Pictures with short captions
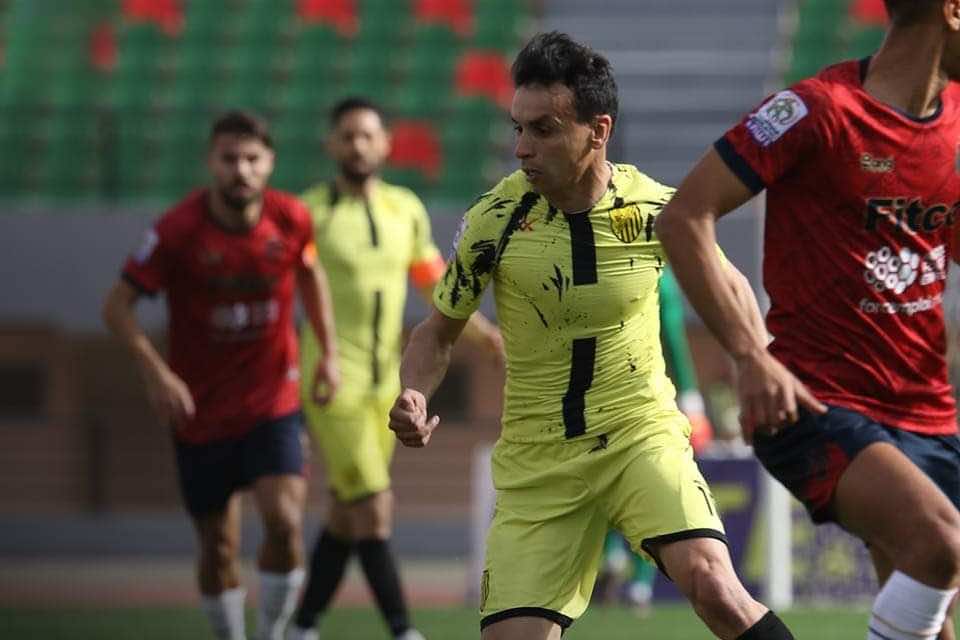 البطولة: المغرب الفاسي يتعادل مع أولمبيك آسفي في الدقيقة الأخيرة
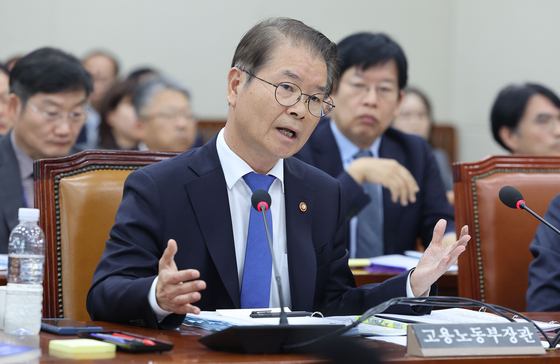 오늘(26일) 열린 국회 환경노동위원회 국정감사에서 답변하는 이정식 고용노동부 장관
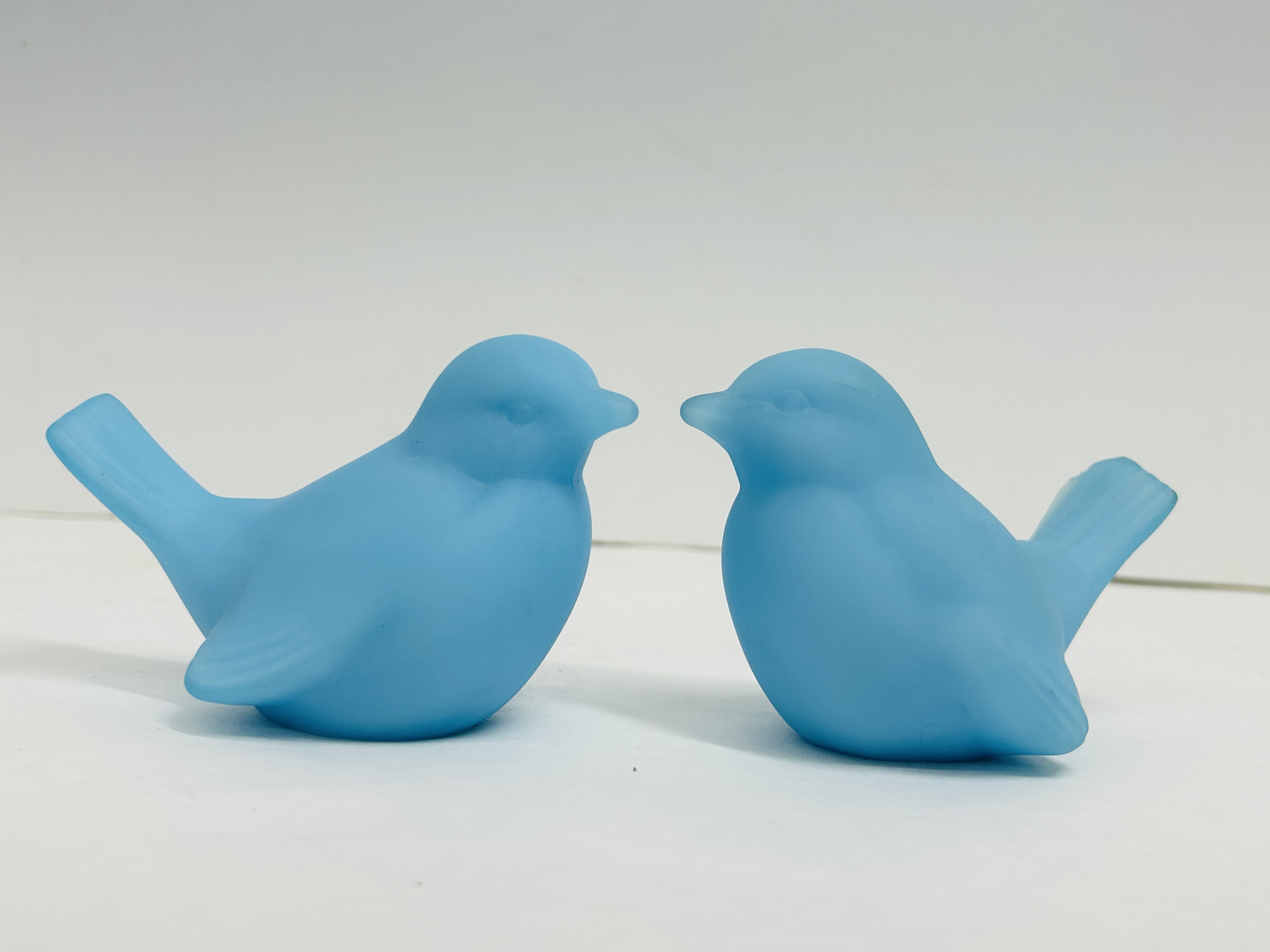 BLUE FROSTED GLASS BIRD FIGURINES, CIRCA 1980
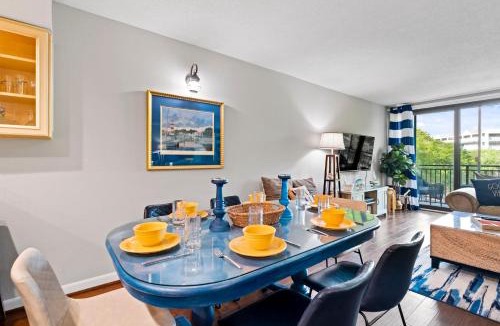 Harbour Town House | Relax By Pool: Harbour Town Resort Condo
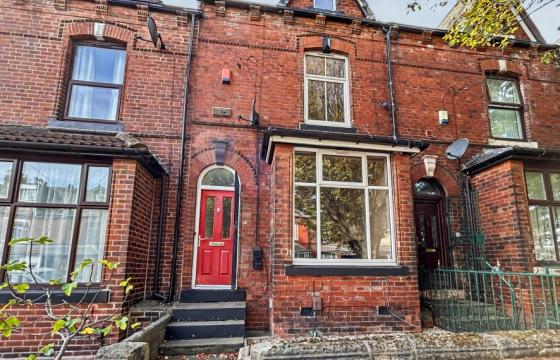 Terraced house does require refurbishment in Leeds photo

__Brief__.
Please print every record above exactly, but leave the pictures out.

__Answer to this problem__.
 البطولة: المغرب الفاسي يتعادل مع أولمبيك آسفي في الدقيقة الأخيرة
 오늘(26일) 열린 국회 환경노동위원회 국정감사에서 답변하는 이정식 고용노동부 장관
 BLUE FROSTED GLASS BIRD FIGURINES, CIRCA 1980
 Harbour Town House | Relax By Pool: Harbour Town Resort Condo
 Terraced house does require refurbishment in Leeds photo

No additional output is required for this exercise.